I’ve heard stories of people who sat with dying friends or relatives and sang favorite songs as a way of being together, when it was hard to know what to say. I visited a colleague in a nursing home one Christmas, who because of a stroke, could no longer talk, but along with us, and from memory he could sing all the words for four verses (and the harmony parts) on Joy to the World. Music lives in a different place in our bodies than words, or rational thought.

Maybe you’ve heard the story of the WWI soldiers, on Christmas Eve, who climbed out of their opposing trenches, celebrated a little, and sang Silent Night together. That powerful memory must have come back to the men who survived, every year when they sang that song again. Some people have strong memories of the song played at their wedding, or their graduation, their prom, maybe a song a favorite relative sang with them, or a best-friend song that two people love to sing together.

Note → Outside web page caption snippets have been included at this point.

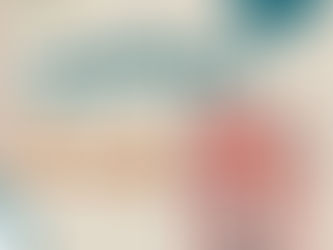 افراط گرایی چیست؟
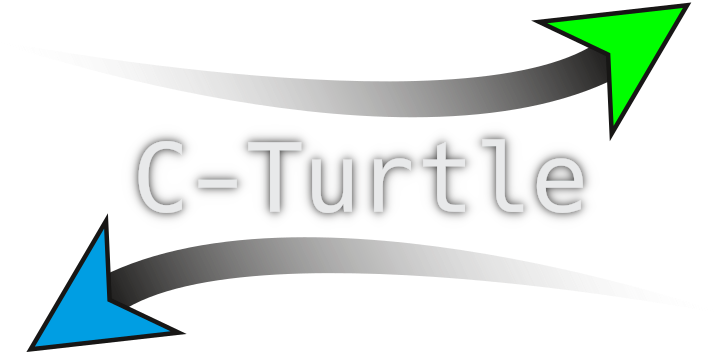 CTurtle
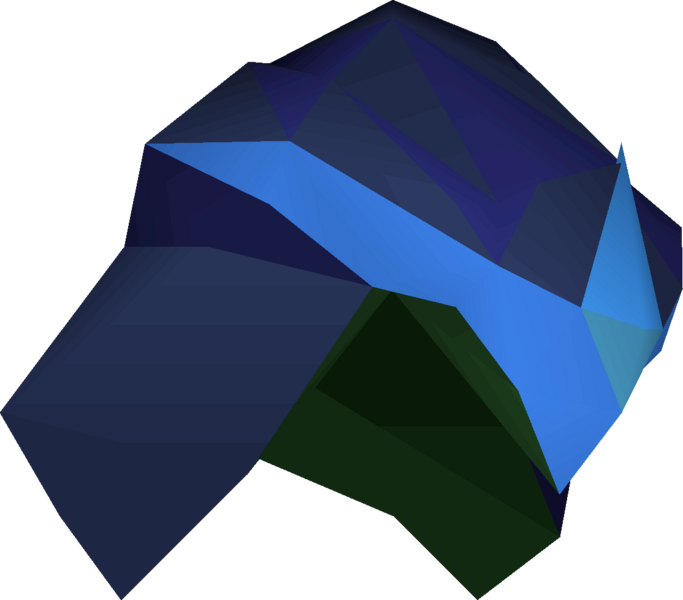 File:Saradomin coif detail.png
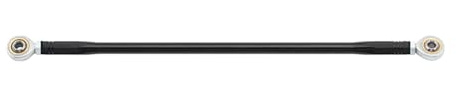 CVZJ Liaison de changement de vitesse 40 70 90 100 120 150 160 170 180 190 200 280 mm pour moto motocross modification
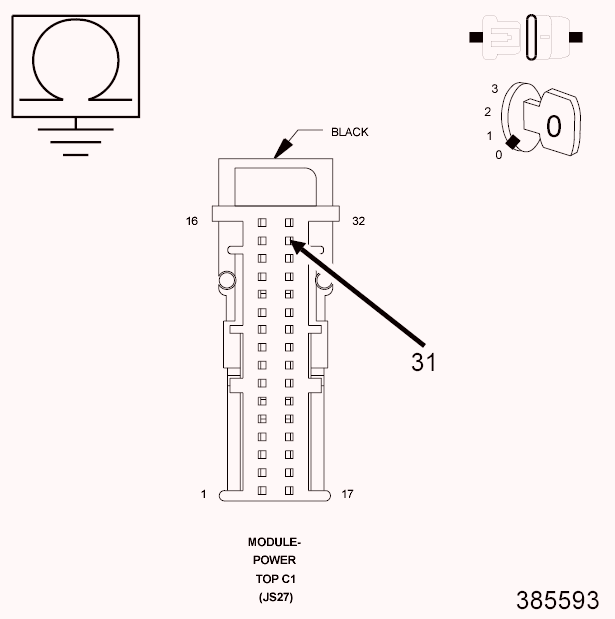 GC0123806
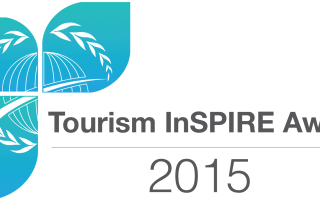 Tourism InSPIRE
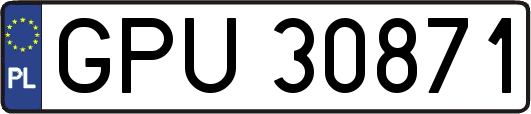 GPU30871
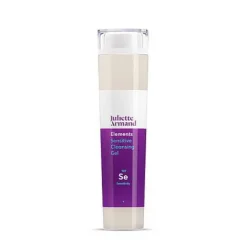 Juliette Armand Sensitive Cleansing Gel 210Ml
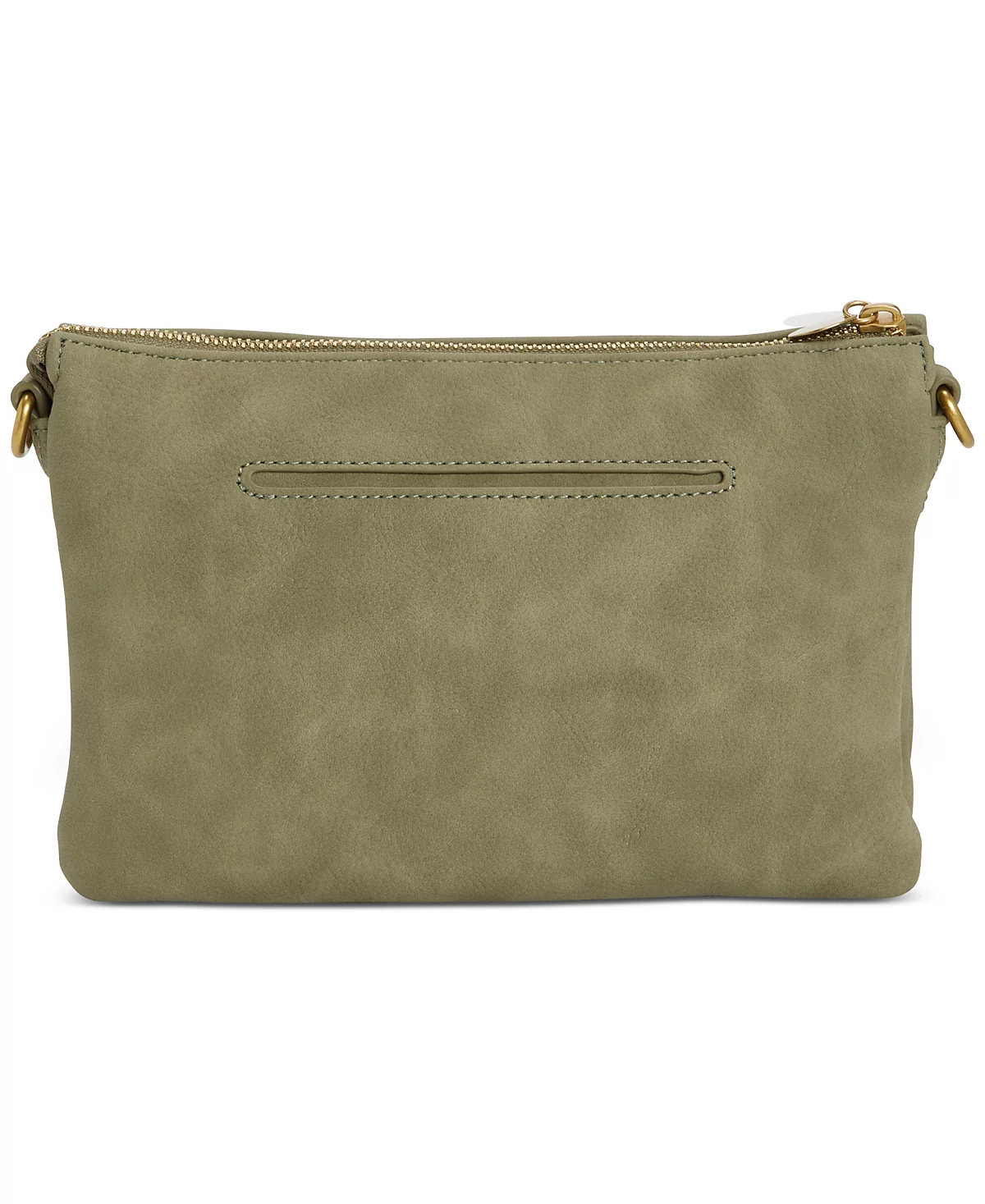 Style - Co Double Compartment Crossbody Created for Macys 4390₽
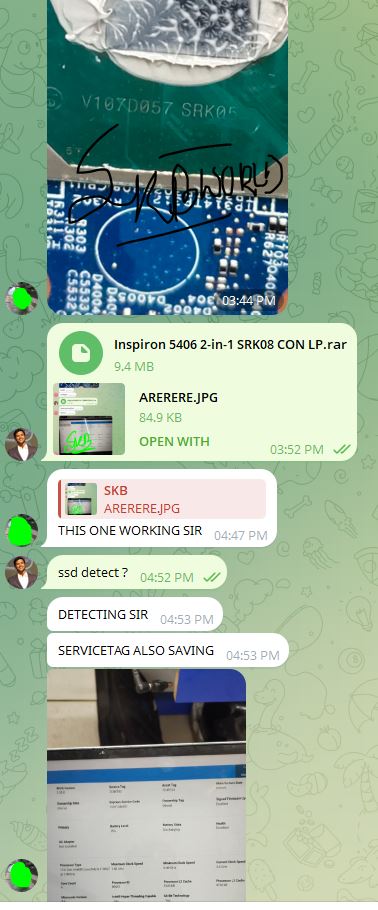 zsdfererere.JPG
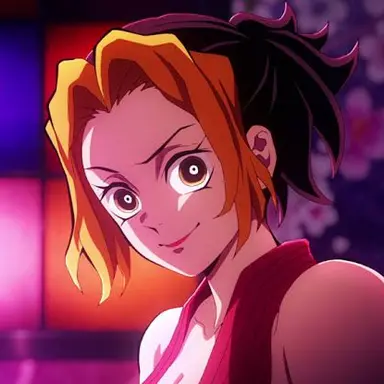 Profile image of マキヲ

Communities of faith sometimes have beloved songs, that the leaders know will always be sung extra heartily. And what about singing at sporting events? Europeans are the best at this, swaying and singing their soccer chants at important moments of the game. Communal singing brings us together in a way that few other things do. There are inspiring stories from many times and places, showing how gathering together to sing helped people find strength and fight common foes – Latvians in the former USSR, South Africans under Apartheid, East Germans under Communism.

Can you imagine how we’d feel different about a group of people with whom we disagree, or with whom we think we have nothing in common, if we all sat around and made music together for awhile? Maybe that sounds a little too hippie for our jaded 21st century sensibilities. But I think there’s some pretty cutting edge science about what happens when we get together with a group of people and start doing the same thing – singing the same songs, the same words, melodies and rhythms. Researchers say it does something to our bodies, starts to change our brain chemistry.

Before their next board meeting, I’d like to prescribe a half hour of singing together for the Ottawa County Commissioners. I’d be willing to play the piano and lead the songs.

Rhonda Sider Edgington is a church musician, organ teacher, and concert organist who performers around West Michigan and the US, and also enjoys writing, about music and life.